Austin Dillon Wins the Cook Out 400, and This Time He Gets to Keep it
- Colin Ward
- Aug 17
- 3 min read

Second verse, same as the first. A little bit louder and a little bit… less controversy.
Ryan Preece grabbed pole for the 2025 Cook Out 400 at Richmond Raceway and looked strong in the early going, but as the race unfolded, tire wear was the storyline, and the strategy.
The ultra-soft Goodyear rubber was laying down fast laps but shedding grip in equal measure, setting the stage for a strategic chess match across the field.
As different teams chose diverging paths for tire changes, the race became that much more compelling. Amid all the strategy, Austin Dillon’s No. 3 car remained a constant presence at the top half of the field.
When Tyler Reddick—who had shown to be one of, if not the best car—crashed, Dillon slid into his place.
Drama exploded late in Stage 2. Kyle Busch shoved Chase Briscoe into the backstretch wall entering Turn 3, spinning him out in front of onrushing traffic.

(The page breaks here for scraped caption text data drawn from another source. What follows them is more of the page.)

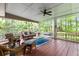 Inviting screened porch with wicker furniture and ceiling fan offers a relaxing outdoor living space at 3510 Smoke Rise Way, Lawrenceville, GA 30044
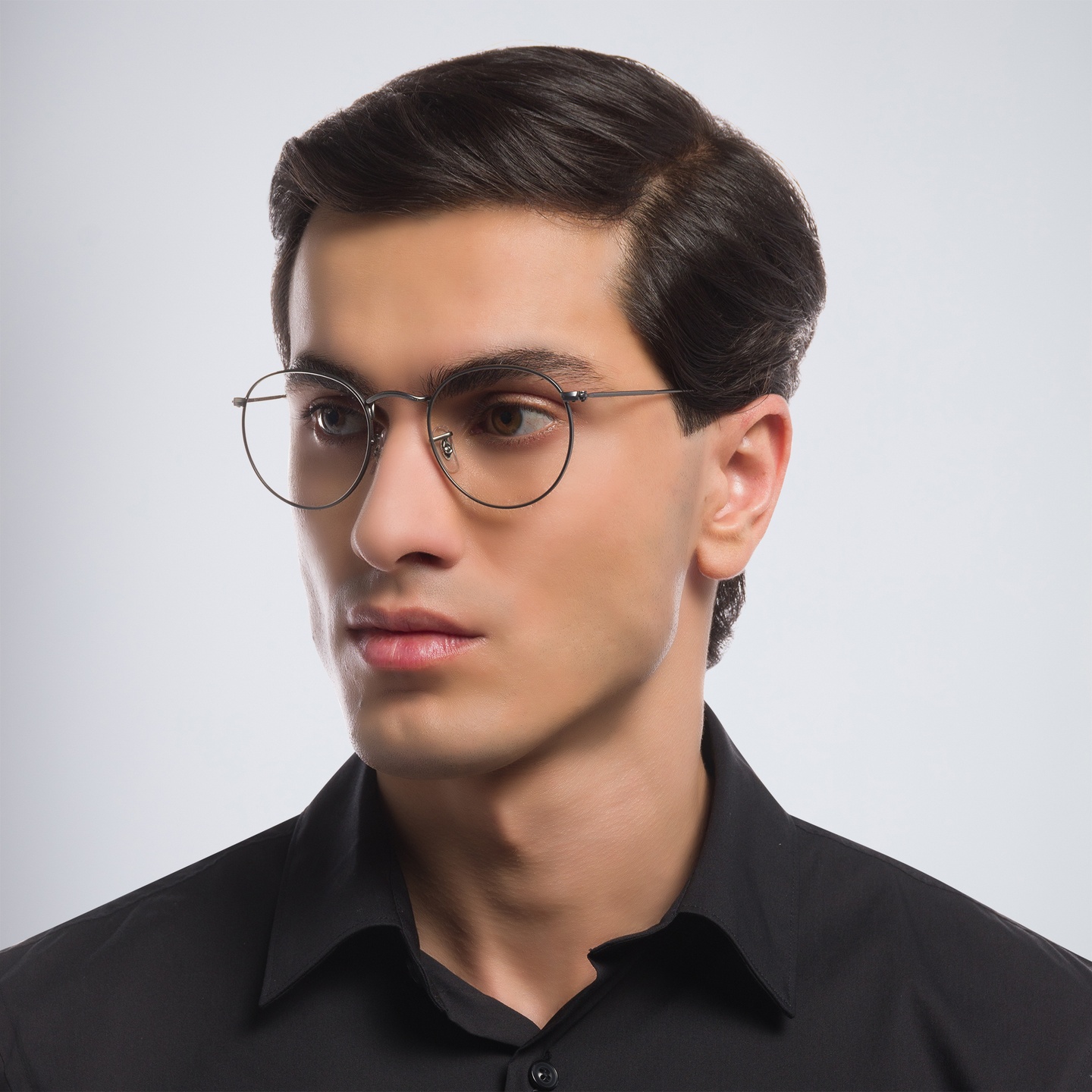 Shop Ray-Ban Round Metal Optics Eyeglasses in Ruthenium online.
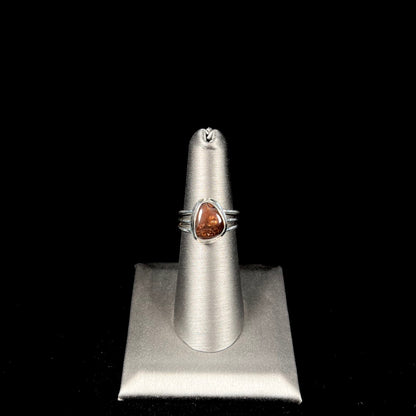 A ladies' fire agate ring set in a split-shank sterling silver mounting.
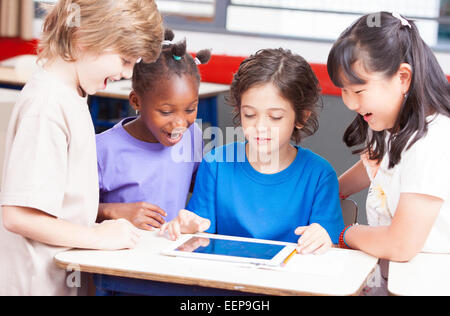 Multi-ethnic classroom playing with tablet. Happy school concept. Stock Photo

The ensuing melee engulfed nearly 16 cars, including Denny Hamlin and William Byron, weaving through the chaos in the middle of the pack. In the destruction, Kyle Busch, slicing through the crash, clipped Chase Elliott in the right rear, sending Elliott head-on into the wall in a brutal impact that ended his night.
Both Justin Haley and Chase Elliott were forced to retire as a result of the incident.
Amid the wreckage, Bubba Wallace grabbed the Stage 2 win. He looked incredible as the night went on, but crucial error by his pit crew took away any opportunity to contend for the victory. Wallace’s left-front tire came off around Lap 300 during pit stops, forcing him to stop in Chase Bricoe’s pit box to tighten the wheel.
Coming into Stage 3, strategy was king. Carson Hocevar gambled on a three-stop strategy, a bold attempt by a driver teetering on the playoff bubble to shake things up.
Meanwhile, Austin Dillon and Ryan Blaney traded the top spot on older tires, while lapped cars went around on fresher rubber. The two went door-to-door for the lead until Dillon used a lapped car to gain control of the race. Then, Dillon’s team immediately pitted for fresh tires. Blaney followed suit a few laps later—but that short delay cost him dearly in track position.
Hocevar’s bold strategy unraveled when his team botched the pit stop execution, losing precious time and fading from contention.
Austin Dillon held off the field from that point on, powering to the checkered flag and becoming the first driver to win back-to-back Cook Out 400s since Denny Hamlin in 2009–2010.
Dillon’s victory is clear redemption from the previous year’s controversial win that saw him disqualified from the playoffs.
William Byron, who finished 12th, had his own achievements to celebrate, clinching the Regular Season Championship, locking in the No. 1 seed heading into the playoffs.
Austin Dillon’s second straight Richmond triumph punched his ticket into the 16-car playoff field and marked his sixth career win. A 2.471-second margin over Alex Bowman showed just how strong his performance was.
This race really had it all: massive amounts of tire wear, compelling strategy, a lot of passing, and massive crashes. It was a showcase of what Cup Series short-track racing should look like.
Austin Dillon, as he seems to always do, stood in victory lane once again towards the end of the regular season, playoff berth secured. William Byron, who started the season off so strong by winning the Daytona 500, locks up the regular-season champion title one race early.
A field electrified by strategy, grit, and redemption—this Cook Out 400 had little bit of everything.
Just one week left until we let the playoffs begin.